Although increased CG regulation by various regulatory bodies in recent times has helped in encouraging more companies to adopt CSR principles, it is the writers’ view that CSR be a voluntary social effort that go beyond legal obligations. Corporations should not be mandated by regulations to adopt CSR but instead, regulations should only serve to encourage, guide and provide the framework for corporations in adopting CSR objectives voluntarily.

2) Competing Interests of Stakeholders

Another misgiving of the stakeholder theory is the issue of competing interests of stakeholders. Marcoux expressed this view when he said ‘as most everyone recognizes, the interests of shareholders, customers, suppliers, employees, and communities in managing a firm’s assets are conflicting’ ( Marcoux 2003). For instance, shareholders would want the highest possible returns through capital gains and/or dividends.

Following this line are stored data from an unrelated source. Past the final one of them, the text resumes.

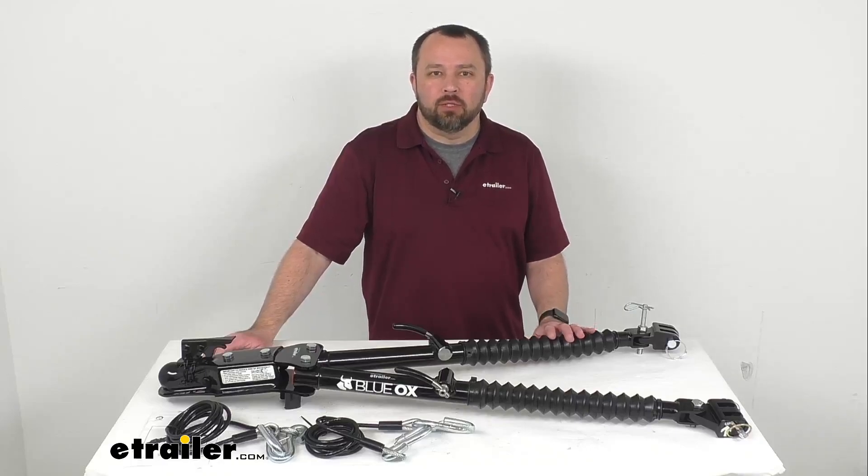Hi everybody, Andy here with eTrailer.com, and today we're going to take a look at this Blue Ox Acclaim non-binding tow bar.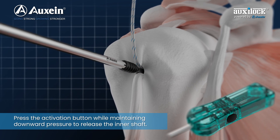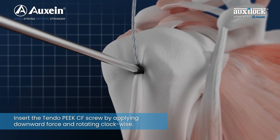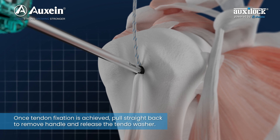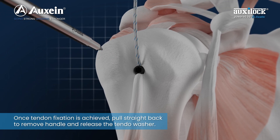Press the activation button while maintaining downward pressure to release the inner shaft. Insert the Tendo Peak CF screw by applying downward force and rotating clockwise. Once tendon fixation is achieved, pull straight back to remove the handle and release the Tendo washer.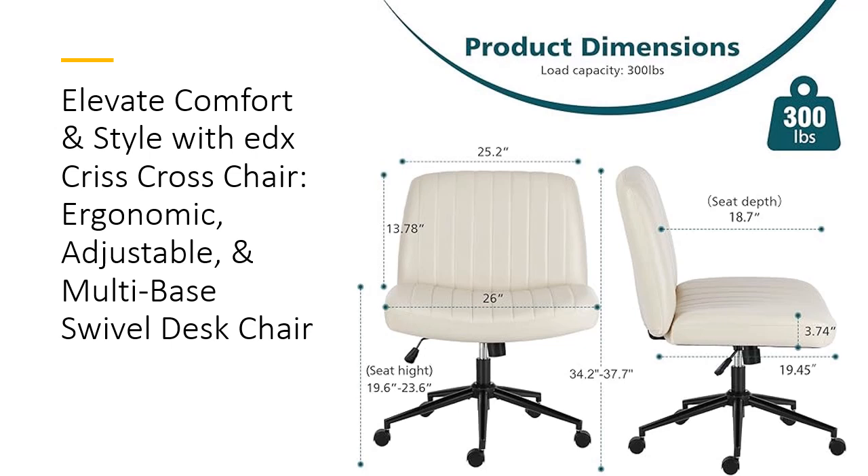measuring 19.45 by 26 inches, accommodate various seating preferences, including sitting cross-legged. This versatility makes it perfect for both professional and personal use, enhancing productivity and relaxation.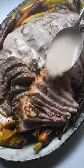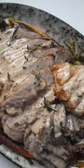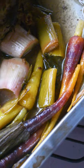Attention all anchovy fans — we're making a roasted leg of lamb with garlic, rosemary, and anchovies. It's beautifully savory and salty, begging to be served with any roasted veggie of your choice.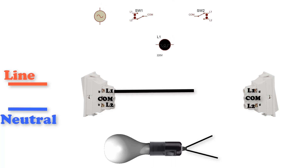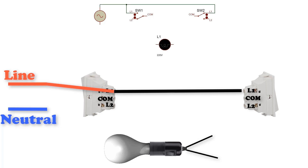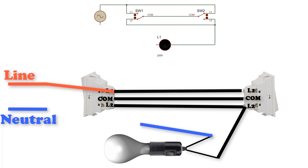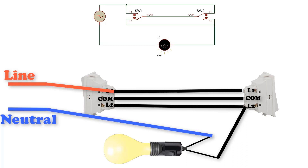Connect L1 and L1 in both switches to the line of the power source. Connect the two common pins together. Connect L2 and L2 in both switches to one terminal of the lamp, and the second terminal of the lamp will be connected to neutral.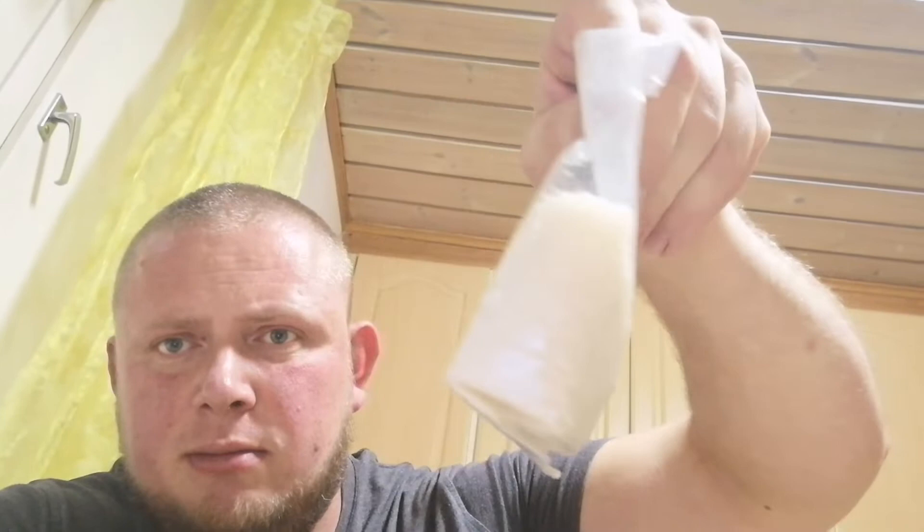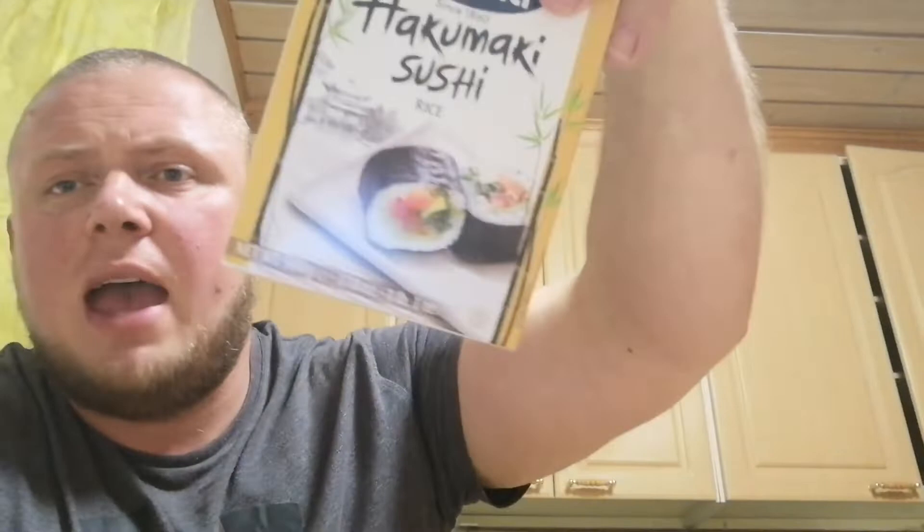Hello everybody and welcome to my channel. Today I'm going to make some sushi — I've never made this before, so this is going to be my first try. This is sushi rice, some kind of special rice. I don't know what's so special about it, but there is something special.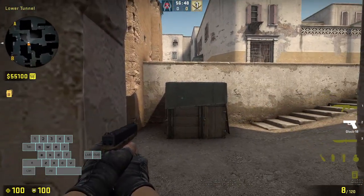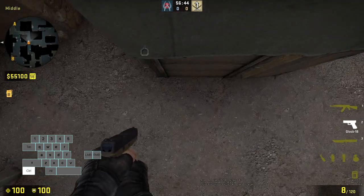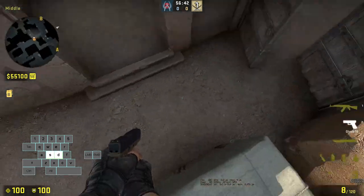First way to do it: get behind the archway, look directly at the bolt, then look straight down, run at the bolt, and then jump. As soon as you're in the air, you crouch.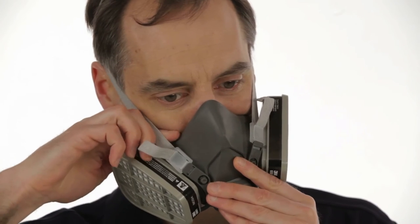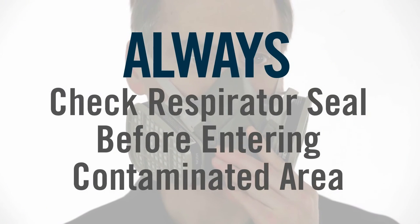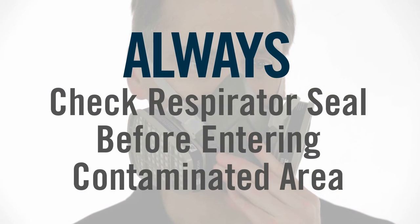Do not pull the straps too tight. If the straps are too tight, push out on the back of the buckles to loosen them. Always check the seal of the respirator to your face before entering a contaminated area.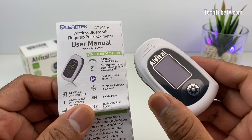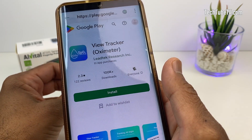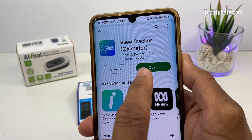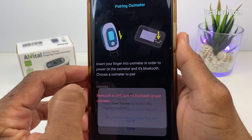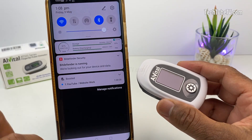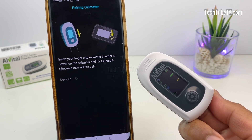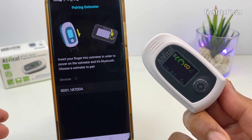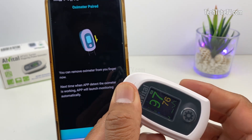Let's test this by using the pulse oximeter app. Scan the QR code on the provided card to find the right app. Install the app from Lead Tech Research and launch it. Read and agree to the disclaimer notice, then choose your location access preference. Currently Bluetooth is off — turn on Bluetooth and insert a finger into the oximeter. The oximeter will turn on automatically and show readings. On the app, click to refresh the devices list. Once the device is detected, click to select it. You can now remove the finger.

Employees would crave for higher wages and good working condition. The customers would desire high quality products, low prices and excellent service. As Jensen observed, competing demands from stakeholders make the theory untenable, as it would be difficult to balance these interests in practice ( Jensen 2002). Some stakeholders would be satisfied while others would be left unhappy. It is further argued that carrying out of CSR would likely cause significant disagreement among stakeholders. For instance, some shareholders might be willing to promote CSR, while others might want the sole pursuit of profit. It follows also that, even when shareholders agree to promote CSR and concede that CSR were beneficial, they may still differ as to where it should be directed.

3) Lack of Profit Motive

It is also claimed that the stakeholder theory does not demand that a corporation focuses on profitability. On the other hand, this writers share the view that, even though the theory’s ultimate objective is the concern for continued existence of the company, this can only be achieved by balancing the interests of all stakeholders, including the shareholders, whose interest are usually addressed through profits. It follows that this claim would not hold water, as the stakeholder theory attempts to balance all stakeholders’ interests, profit making inclusive.

10. Conclusion

CG is a vital issue where a corporate organization is concerned and cannot be overlooked or played down upon. This is because good CG is in the interest of the organization’s smooth running and profitability in the long run. The stakeholders who are external to the corporation form an important aspect knowing they exert considerable influence to the corporation. However, the corporation should determine its primary stakeholders (according to their power level and influence, they exert on the organization) so as to prioritize its level of attention on those ones of strategic importance to the organization. It is important that the organization realizes that it is impossible to satisfy all stakeholders hence it is best to create a balance between meeting organizational objectives and that of its stakeholders.

Conflicts of Interest

The authors declare no conflicts of interest regarding the publication of this paper.